STX6 up-regulation by circ-0002052-caused miR-382 suppression induces activation of Wnt/β-catenin signaling. a, b MiR-382 targets STX6 in a direct way demonstrated by luciferase reporter assay. cSTX6 in OS is negatively correlated with miR-382 (r = − 0.4355), but positively related to circ-0002052 (r = 0.2799). d Expression of STX6 was measured by qRT-PCR in OS cells transfected with described plasmids. e Expression of target genes (MYC, SOX4, and CCND1) of Wnt/β-catenin signaling was tested by qRT-PCR transfected with described plasmids. Each value represents mean ± SD in three independent experiments. *p < 0.05, **p < 0.01
Discussion
Elucidating the molecular mechanism of OS development is still urgently required. It was shown in this research that circ-0002052 rose in OS tissues and had associations with late tumor stage as well as tumor size and metastasis. Apart from that, high circ-0002052 expression represented a low survival rate. Reduction of circ-0002052-suppressed OS cells to migrate, proliferate, and invade. Nevertheless, the result of invasion assay only due to proliferation and migration, or also with matrix degradation by MMPs needs further study.

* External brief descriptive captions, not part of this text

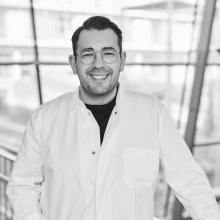 Bild vergrößern: Tonci Mikulic, Plastischer & Ästhetischer Chirurg Stuttgart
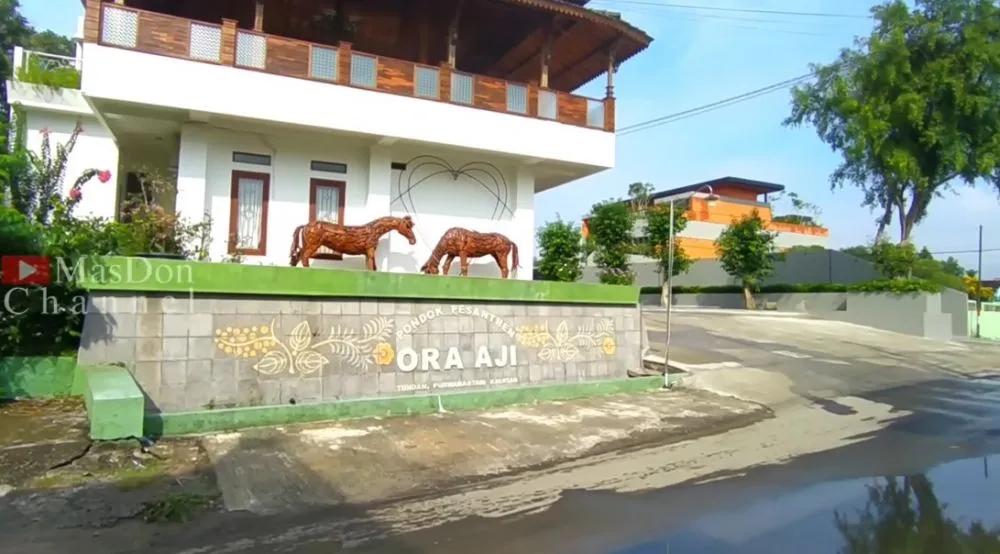 rumah baru Gus Miftah bergaya modern © YouTube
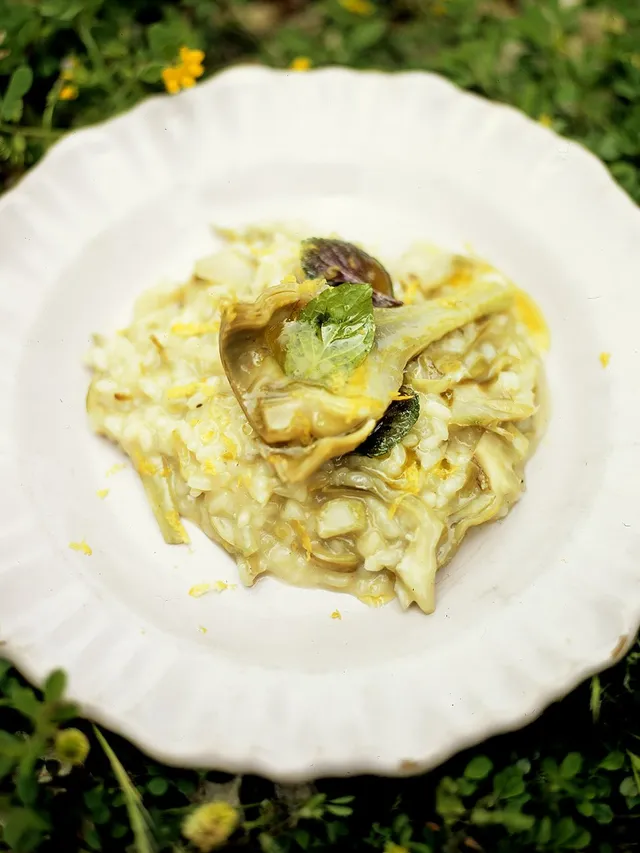 Artichoke risotto (Risotto ai carciofi) 
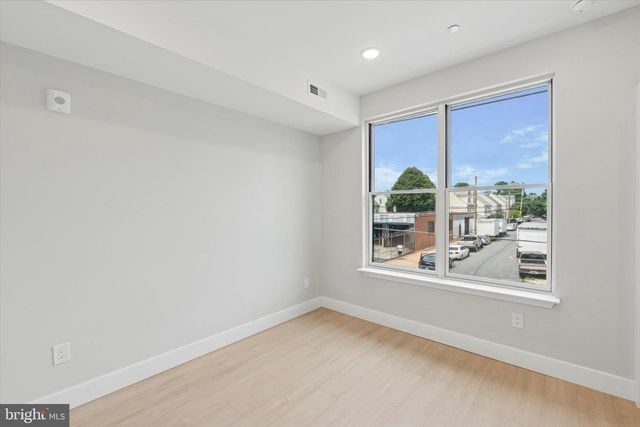 518 W SUSQUEHANNA AVE, Philadelphia, PA 19122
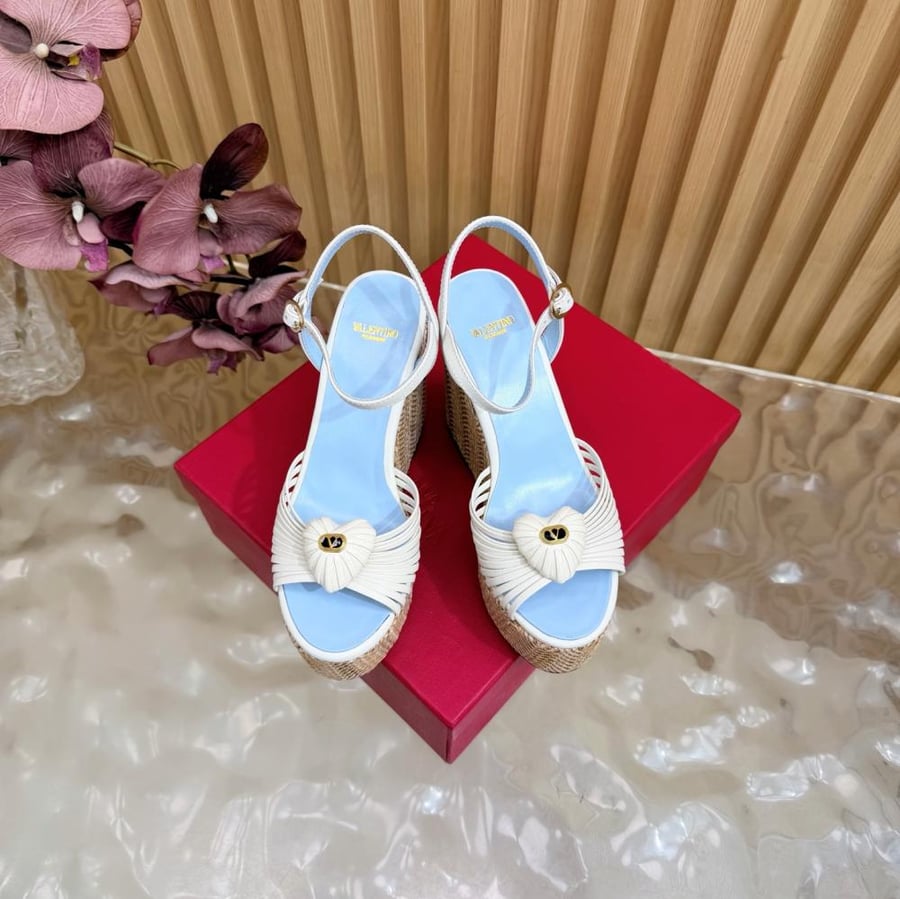 فالنتينو Wedge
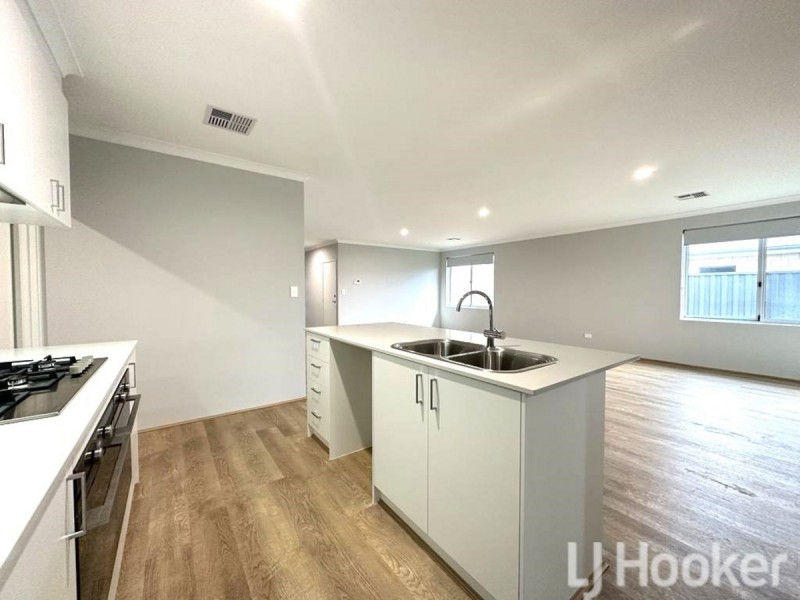 242 Badgerup Avenue, Lakelands WA 6180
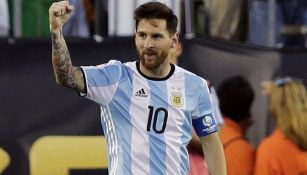 Messi celebra anotación con Argentina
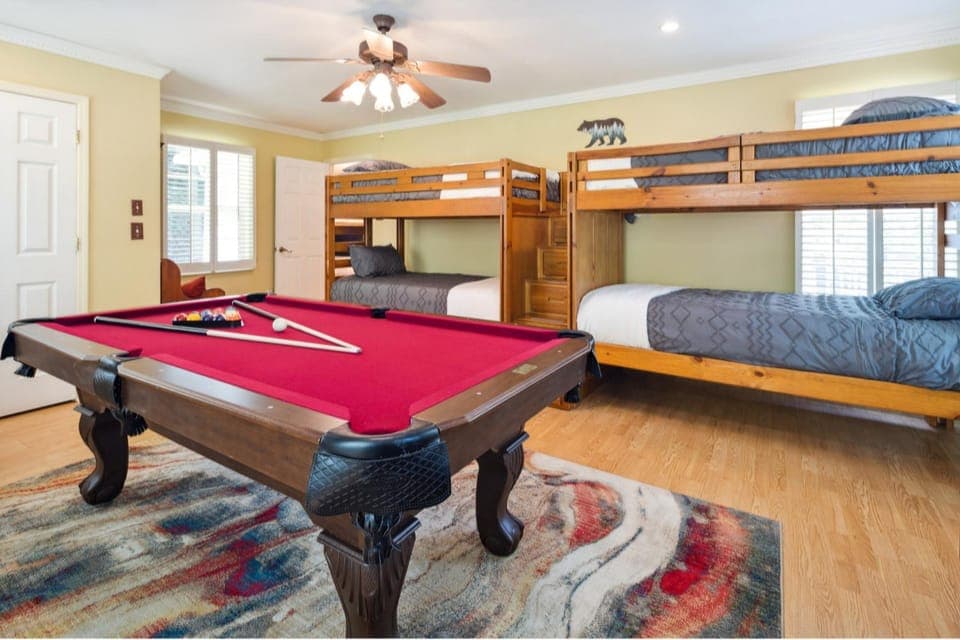 Twin Ponds Retreat-Pond Hot Tub Fire Pit Game Room Pet Friendly House in Swain County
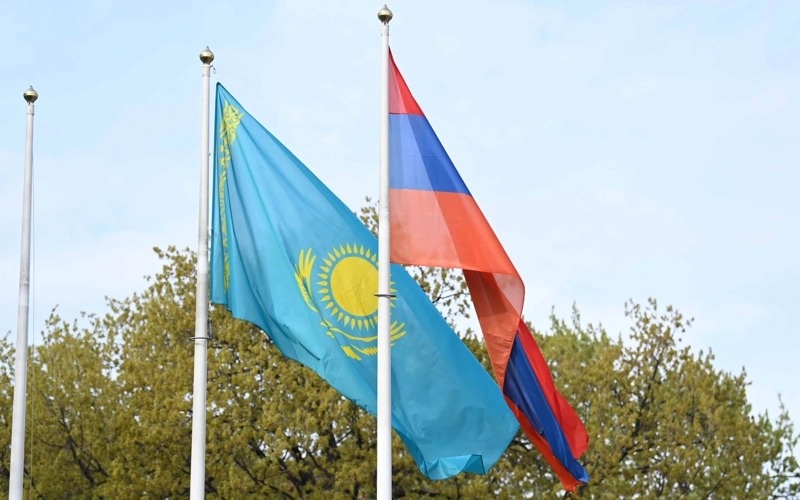 Қозоғистон ва Арманистон байроқлари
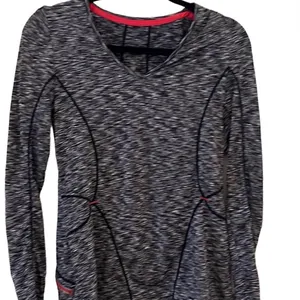 Athleta woman’s top with thumb hole and zip up pocket.‎ thumbnail 3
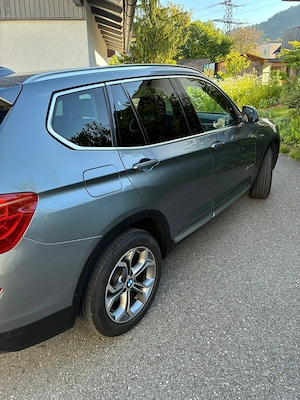 Verkaufe wunderschönen BMW X3 Bild 2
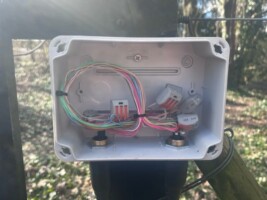 New signalling connection box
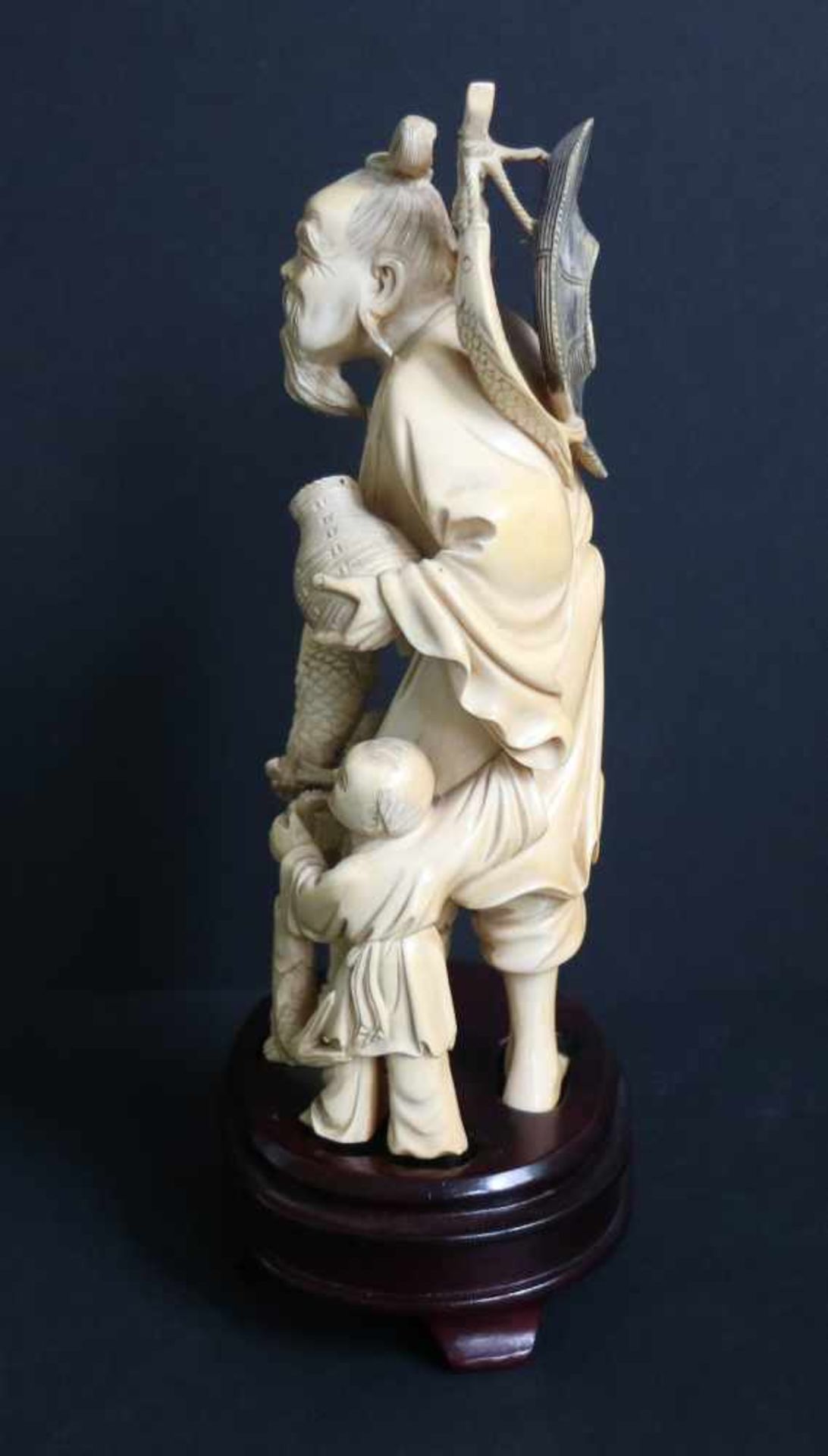 Chinese ivory Fisherman with children - Bild 2 aus 4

The mutual action between circRNA and miRNA has been extensively researched [25, 26]. Through regulating the activity of miRNAs, circRNA indirectly promotes expression of specific mRNAs [27]. For instance, circRNA_010567 boosts myocardial fibrosis by repressing miR-141 through targeting TGF-β1 [28]. However, whether circ-0002052 has target miRNAs remains to be figured out. In the present research, circ-0002052 was discovered to be present in the OS cell cytoplasm, implying that circ-0002052 may sponge miRNA. After analysis, circ-0002052 was predicted to sponge miR-382. The mutual action between the two was subsequently confirmed by reduction assay and luciferase reporter assay. Apart from that, circ-0002052 impeded miR-382 expression in OS. MiR-382 acts as a tumor suppressor in many cancers [29, 30], including OS [31]. Thus, circ-0002052 sped up the growth of OS via repressing miR-382.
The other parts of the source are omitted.